Nous appelons la société basque à amplifier les dynamiques socio-économiques pour répondre aux enjeux du territoire. L’ESS permettrait de réduire la précarisation de l’engagement associatif, attirer des talents et tisser des liens avec la diaspora qui aspire à rester connectée avec son territoire. Investie au sein du Conseil de développement, l’association Du Pays Basque aux Grandes Écoles (DPBGE) est un exemple d’initiatives d’ampleur nationale.
Comment ? La transformation ou l’hybridation de certaines associations sur le modèle coopératif, à l’image du mouvement opéré dans le secteur culturel et immobilier (Etxalde, Half, éco/tiers-lieux) permettrait de les structurer.
La coopération transfrontalière, au coeur de la stratégie à horizon 2030 de la Communauté d’Agglomération du Pays Basque (CAPB), pourrait être complétée par les “pèlerinages coopératifs” des années 70 pour bénéficier du savoir-faire de Mondragon. Cet échange pourrait aboutir à des coopératives puissantes, présentes entre les deux territoires.
Le lien entre ESS, RSE, développement durable et impact
Les entreprises, ESS ou non, dont le coeur de métier n’est pas lié au développement durable, peuvent par le biais de la responsabilité sociétale et environnementale des entreprises (RSE), contribuer aux objectifs du Millénaire. C’est ce que propose Lantegiak avec l’“entreprise territoriale” et sa charte RSE, ou encore Hemen Elkartea avec la notion d’“entreprise engagée”. Les acteurs de l’ESS, rompus aux enjeux sociaux et environnementaux pourraient apporter leurs ressources (financières, humaines, matérielles) aux entreprises souhaitant mettre en place une démarche RSE, et vice-versa.

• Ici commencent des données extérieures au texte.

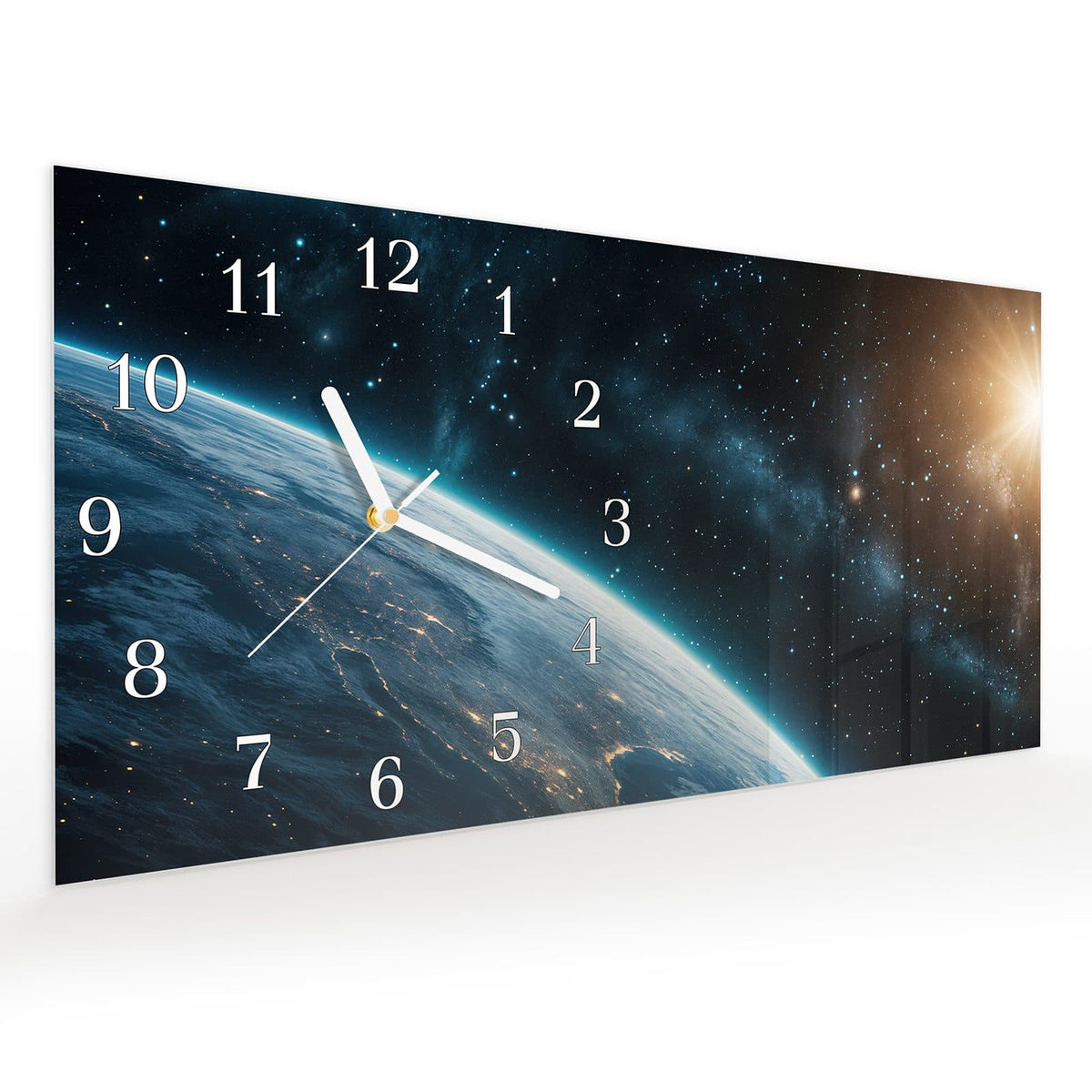 Vormontiert – mit Schwebeeffekt – Wanduhr Planet im Universum aus Glas – Querformat 60 × 30 cm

Le territoire est riche de structures d’accompagnement de l’ESS. L’association Hemen est pionnière avec notamment comme projets Xedebat (financement participatif) ou encore Etxekoop (coopératives d’habitants). La Maison de l’ESS du Pays Basque (Kabia) a comme objectif de renforcer le groupement d’emplois ESS, pour permettre à certains acteurs de l’ESS de sortir des emplois précaires. Elle ambitionne de répondre à la problématique du financement et de l’immobilier de l’ESS, à travers un fond de dotation et à terme une fondation territoriale. Or, depuis trois ans, Geroa a initié la création d’un fonds de dotation en préfiguration d’une future fondation reconnue publique (FRUP) pour le Pays Basque permettant de mutualiser l’effort de mécénat, et de jouir d’une grande capacité juridique (gestion de biens immobiliers), d’atouts fiscaux maximums et d’une image forte. La formation se structure également, avec la future école de l’ESS à Hendaye. Nous appelons les universités et les entreprises à développer des partenariats avec cette école. Elles pourraient s’appuyer sur la création d’un Pôle Territorial de Coopération Économique (PTCE) à l’image du PTCE Pôle Sud-Aquitaine.
Notre histoire, notre identité et notre culture reposent sur la volonté de mettre en place une économie loin de l’accumulation sans fin de richesses. Les acteurs de la société civile ont toujours été au service de ces valeurs et sont internationalement reconnus pour leur modèle (coopératif : Mondragon, associatif : Bizi, Alternatiba, Euskal Moneta). Comment ne pas rêver d’une Région européenne et mondiale de la coopération et de l’Économie sociale et solidaire (ESS) en Pays Basque? Nous devons nous réapproprier notre histoire collective pour réinventer notre imaginaire commun et reconquérir notre capacité d’oeuvrer collectivement pour le bien-être de tous.